Ils figurent parmi une liste de dix noms annoncés mercredi par le chef de l’État et venant s’ajouter à dix autres, déjà soumis au Parlement pour approbation.
La nomination de ces quatre proches de Raila Odinga vient fissurer la coalition d’opposition Azimio, dont un des leaders Musyoka Kalonzo avait annoncé vendredi qu’elle ne participerait ni ne soutiendrait le « gouvernement élargi » voulu par le président.
« A luta continua » (« la lutte continue »), a réagi sur X une autre figure d’Azimio, Martha Karua, colistière de Raila Odinga pour la présidentielle de 2022, perdue face à William Ruto.

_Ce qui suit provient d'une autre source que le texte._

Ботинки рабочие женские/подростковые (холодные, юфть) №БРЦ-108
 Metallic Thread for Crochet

Pour répondre à la contestation, un « gouvernement élargi » formé
Le chef de l’État avait limogé le gouvernement – à l’exception du ministre des Affaires étrangères Musalia Mudavadi – le 11 juillet, en réponse au puissant mouvement de contestation déclenché par le projet de budget 2024-25 instaurant de nouvelles taxes, qu’il a finalement retiré.
Cette mobilisation lancée hors de tout cadre politique par des représentants de la jeunesse (la « génération Z » née après 1997) a viré au chaos le 25 juin, lorsque des manifestants ont brièvement pris d’assaut le Parlement. La police avait alors tiré à balles réelles.

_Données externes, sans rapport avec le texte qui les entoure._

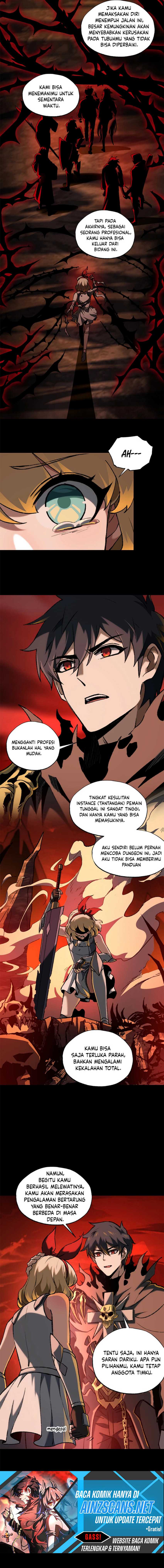 Catastrophic Priest Chapter 39 Gambar 11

Depuis le début des manifestations, au moins 50 personnes ont été tuées, selon l’agence nationale de protection des droits humains (KNCHR).
« Je félicite les dirigeants des diverses organisations, tant dans les secteurs public que privé, y compris les partis politiques, pour leur réponse encourageante à ma démarche de consultation sur la formation d’un gouvernement élargi », a déclaré William Ruto. « Leur volonté de mettre de côté les positions et les intérêts partisans afin de rejoindre un partenariat visionnaire pour la transformation radicale du Kenya est un témoignage historique de leur patriotisme. »
La moitié des vingt ministres nommés depuis vendredi figuraient dans le précédent gouvernement.
Un seul poste reste à pourvoir, celui de ministre de la Justice, initialement attribué à Rebecca Miano, qui a été réaffectée au Tourisme et à la Faune.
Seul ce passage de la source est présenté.